Afterward, the general consensus and feedback was, “Do they sound exactly like George and Tammy? No. Nobody can. But they are incredibly talented in their own way.” And we did not want to risk them sounding like a parody or an impersonation. If you watch He Stopped Loving Her Today by Michael Shannon as George, he hits that high note, and that is when he sounds the most like him. I got chills.
Of course, it’s not note for note, but was also important for them to insert themselves into these characters with their own voice. Otherwise, they would have gotten killed by the country music community.
BTL: In terms of modernizing it a bit, what kind of sounds are we talking about here?
Moore: Timeless is probably a better word. We recorded it in a very classic way, with microphones that they would have used.

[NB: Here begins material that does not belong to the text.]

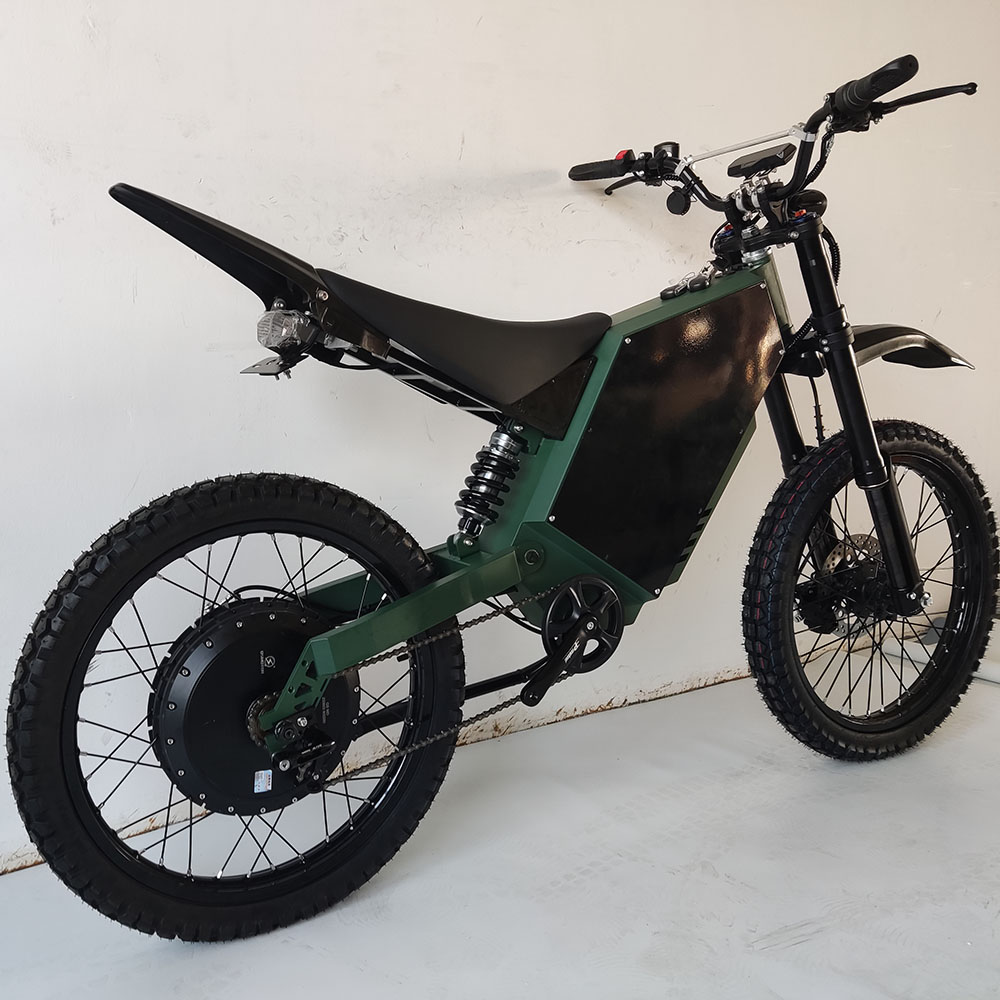 2024 최고급 스텔스 폭격기 자전거 72V 75Ah  - 8000W Stealth Bomber Ebike 리뷰 및 가격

We used a lot of the instruments that they would have used. We just did not want something that made it sound immediately dated, so it was a bit about guitar tones that they used from the era — we shied away from those. The goal of good music here is to not be able to tell when it was recorded, which should make anyone want to listen to it. It was about having good musicians in the room, too. We had the top people in Nashville. These instruments transcend decades or any boxes.

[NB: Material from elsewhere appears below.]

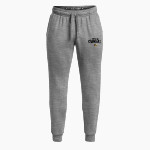 CRANDALL HIGH SCHOOL PIRATES BSN SPORTS Women's Cotton Rich Fleece Joggers Front Thumbnail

BTL: After this experience, do you want to do more TV or movies? And if so what projects are you working on?
Moore: Yes, I’ve caught the bug. I am a believer that the best things happen outside of your comfort zone and five years ago I did not know that this would be a path I would do. Jessica has encouraged me a lot and I’m into it. The whole project was problem-solving –here is a situation and how do we solve it. It was fun connecting with them on set, and it was gratifying putting all the work in and seeing the results and the recognition.
Right now, I’m trying to find projects out of country music. I just produced the score with T Bone Burnett for an indie movie called Nighttime Owl that may go to Tribeca or come out this year. And so, yes, I am looking forward to projects like that. But I am still making records, by the way!
BTL: So, what was the most fun part and the most challenging part of this series for you?
Moore: The payout for the depth of this project — 26 to 27 songs, plus score and source music. It was the largest project I have ever been a part of, and that was the most fun for me in the end. The satisfaction of seeing it all work. At the same time, that is the most challenging [part] too.
I also really loved going to set. As I said, I spent two months on set in Wilmington with them, and they consulted with me on other stuff like making sure things were authentic and telling the assistant and musicians what to do. That was very meta for me, and being consulted on all that was great fun.
George & Tammy’s six episodes ran on Showtime between December 2022 and January 2023.